We consider the synchronous run of \(\mathcal {A} \) and \(\mathcal {B} \). A configuration pair of this synchronous run is \((\boldsymbol{\textbf{x}}_{(p,q)}, n)\) where \(p \in P, q \in Q\), and \(n \in \mathbb {N}\). The initial configuration pair is \(c_{\iota } = (\boldsymbol{\textbf{x}}_{(p_{\iota },q_{\iota })}, 0)\).
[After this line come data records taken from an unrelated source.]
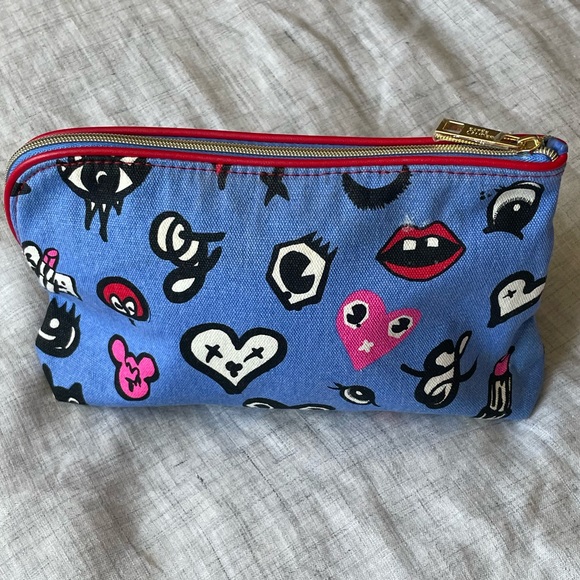 Estée Lauder • Heart Print Blue and Red Cosmetic Makeup Bag By Quentin Jones - Picture 3 of 7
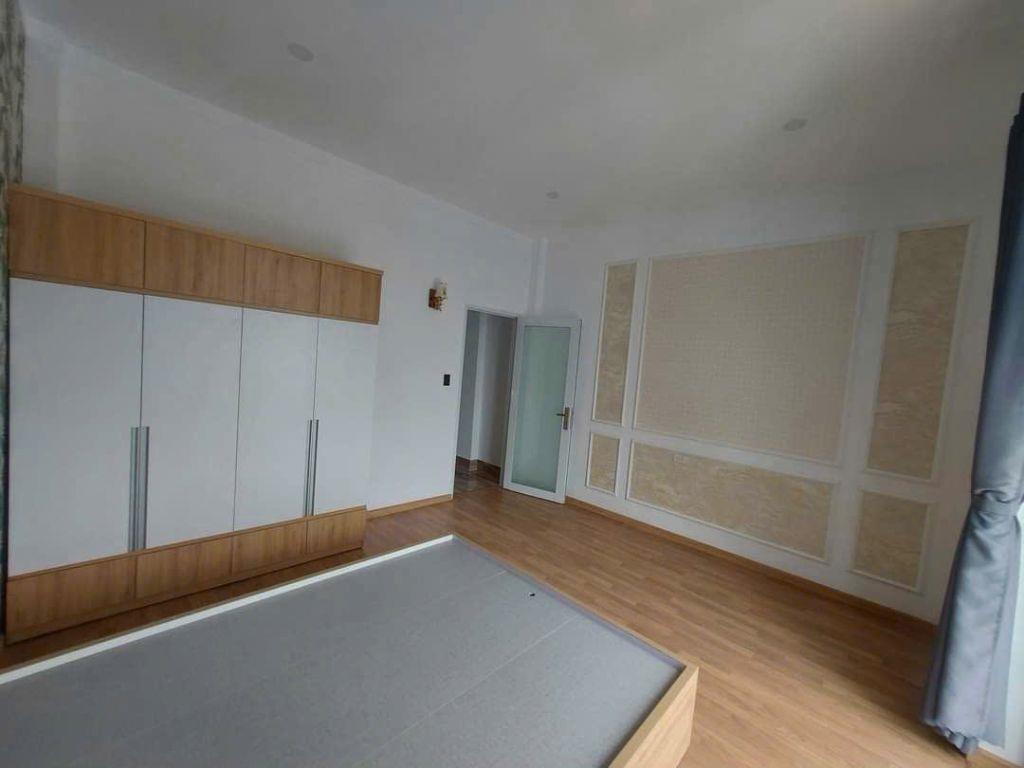 Bán nhà 1 trệt 1 lửng 1 lầu phường Phú Tân.Cách đại lộ đồng khởi 300m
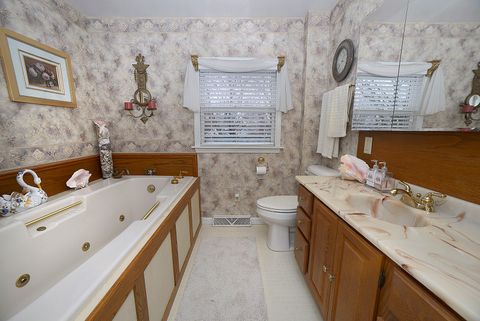 Tiny photo for 804 5th Avenue, Mendota, IL 61342 (MLS # 12612013)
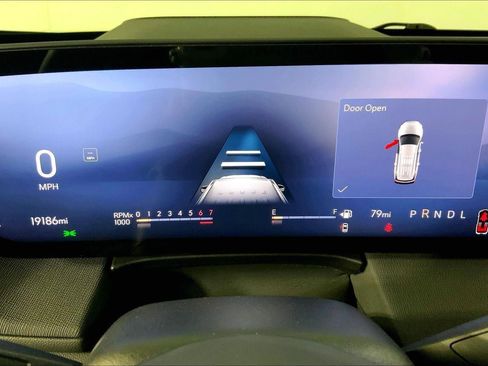 Used 2025 Buick Enclave Preferred image 20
Given two configuration pairs \(c_1=(\boldsymbol{\textbf{x}}_{(p,q)},n)\) and \(c_2=(\boldsymbol{\textbf{x}}_{(p',q')},m)\), \(c_1 \xrightarrow {u} c_2\) denotes \((p,n) \xrightarrow {u} (p',m)\) and \((q,n) \xrightarrow {u} (q',m)\). The transition matrix on u from \(c_1\) is \(\mathbb {M}\in \{0,1\}^{(|\mathcal {A} |+|\mathcal {B} |)^2}\) where \(\mathbb {M}[i,j]=1\) if and only if \((p_i,n) \xrightarrow {u} (p_j,m)\) or \((q_{i-|\mathcal {A} |},n)\xrightarrow {u}(q_{j-|\mathcal {A} |},m)\). Hence, \(\boldsymbol{\textbf{x}}_{(p,q)} \mathbb {M}= \boldsymbol{\textbf{x}}_{(p',q')}\). Claims 1 to 3 follow.
Claim 1
For any \(p,p' \in P\), \(q,q' \in Q\) and word w, the transition matrix of w from \((\boldsymbol{\textbf{x}}_{(p,q)},n)\) is the same as the transition matrix of w from \((\boldsymbol{\textbf{x}}_{(p',q')},n)\).
Claim 2
Let w be such that \({\texttt {ce}}(w') > 0\) for all prefixes \(w'\) of w. Then, the transition matrix of w from \((\boldsymbol{\textbf{x}}_{(p,q)},n)\) is the same as the transition matrix of w from \((\boldsymbol{\textbf{x}}_{(p',q')},m)\) for any \(p,p' \in P\) and \(q,q' \in Q\) and \(m,n >0\).
Claim 3
Any set of \(|\mathcal {A} |^2+|\mathcal {B} |^2+1\) transition matrices is linearly dependent.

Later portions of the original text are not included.